Achtung..Das machine is nicht fur Gefingerpoken und mittengraben. Is easy schnappen der Springenwerk blowenfusen und poppencorken mit spitzensparken. Ist nicht fur gerwerken by dummkopfen. Das rubbernecken sightseeren keepen den hands in das pockets. Relaxen and watch das blinkinlights.

 

-CM

Hi -- I am fluent in German, but without knowing what you're using to sign in (please do not reveal your actual password!), it's hard to know what the problem is. 

 

Is this a password you've used before on the German eBay site?  Is it an English word or words, or just a random string of characters such as the ones that are generated by eBay itself? 

 

German uses the Roman alphabet, with umlauts (double-dots above certain vowels) and the occasional "scharfes S" (a sort of squiggly-looking character like a cursive capital "B") thrown in.  Otherwise it is the same alphabet as English, so any ordinary English word should work.    

 

So unless your password is an actual German word that requires an umlaut in order to be recognized as the password (e.g. the old VW slogan "Fahrvernügen"), I don't know why you'd be having trouble.   If your password is in fact a German word with an umlaut, then you'll have to switch to the German keyboard to enter it.  (These keyboards are provided as options on most Microsoft operating systems -- they are electronic only, i.e. your physical keyboard remains the same but the characters the keys create differ.  I have 6 MS keyboards set up on my laptop). 

 

It's also possible that if your password is on of those random, automatically-generated password (as many are these days on .ca and .com), it may be site-specific.  Or eBay.de may have its own system for generating auto-passwords that won't recognize a "foreign" machine-made password. 

 

My suggestion:  change your password on eBay.ca to a regular English word or word string, and try the .de site again.  

 

BTW, for someone who speaks German, that gobbledegook paragraph that was posted above is a SCREAM!!  Smiley Very Happy  I actually started trying to read it until I realized: say what?? This ain't German.  LOL  -- hilarious, wherever it came from. 

 

 

BTW, further to 'momcqueen's'  comments above about certain German words, many modern computer tech words are actually not German at all. 

 

The German language has borrowed heavily and happily from the English over the past 40 to 50 years, rather than inventing new terms of its own.  Old technical words, like "Sauerstoff" for oxygen, or "Flugzeug" for airplane, required creative combinations of imagery.  I guess the Germans got tired of thinking up new compound words.  Those nouns clamped together, sometimes in long trains, used to be the hallmark of the language.   

 

So words like "Email" and "einloggen" are actually direct, modern borrowings.  The word "Passwort" is a lot older, but the "pass" part (in this meaning) was borrowed from the French a very long time ago.  (P.S. Every German noun has an initial capital letter, although I see some modern German publications are even ignoring that old rule.  It occurs to me this might also be the OP's issue with signing in). 

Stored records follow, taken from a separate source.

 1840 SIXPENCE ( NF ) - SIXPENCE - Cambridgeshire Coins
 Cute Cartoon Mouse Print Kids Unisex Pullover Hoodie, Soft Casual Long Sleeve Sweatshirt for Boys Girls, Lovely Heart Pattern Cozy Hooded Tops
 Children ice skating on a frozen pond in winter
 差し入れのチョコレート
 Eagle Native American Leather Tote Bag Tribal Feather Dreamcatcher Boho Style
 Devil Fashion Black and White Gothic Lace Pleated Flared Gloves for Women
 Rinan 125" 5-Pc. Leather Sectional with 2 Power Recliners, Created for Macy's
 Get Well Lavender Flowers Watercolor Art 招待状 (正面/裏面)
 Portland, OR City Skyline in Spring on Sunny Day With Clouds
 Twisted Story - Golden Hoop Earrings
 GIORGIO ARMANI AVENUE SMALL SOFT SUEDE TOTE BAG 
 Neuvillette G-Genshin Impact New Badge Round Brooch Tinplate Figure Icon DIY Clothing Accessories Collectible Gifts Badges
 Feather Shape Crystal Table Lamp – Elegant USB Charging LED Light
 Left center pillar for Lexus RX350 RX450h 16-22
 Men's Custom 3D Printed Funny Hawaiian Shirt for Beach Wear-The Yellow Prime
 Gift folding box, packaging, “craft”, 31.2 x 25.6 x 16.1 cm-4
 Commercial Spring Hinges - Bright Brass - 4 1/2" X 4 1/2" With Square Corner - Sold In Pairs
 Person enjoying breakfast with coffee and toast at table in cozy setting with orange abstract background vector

This is my favorite example for the German language and being so easy to get the gist of it. And almost entirely applicable to normal every day usage of eBay features.

 

-CM

 

 

@rose-dee You have mentioned you speak German; could this be a problem with the characters used in the user's password? Do you have insight to offer on this? 

I know this may not be helpful but I was able to log into my account just now without issue.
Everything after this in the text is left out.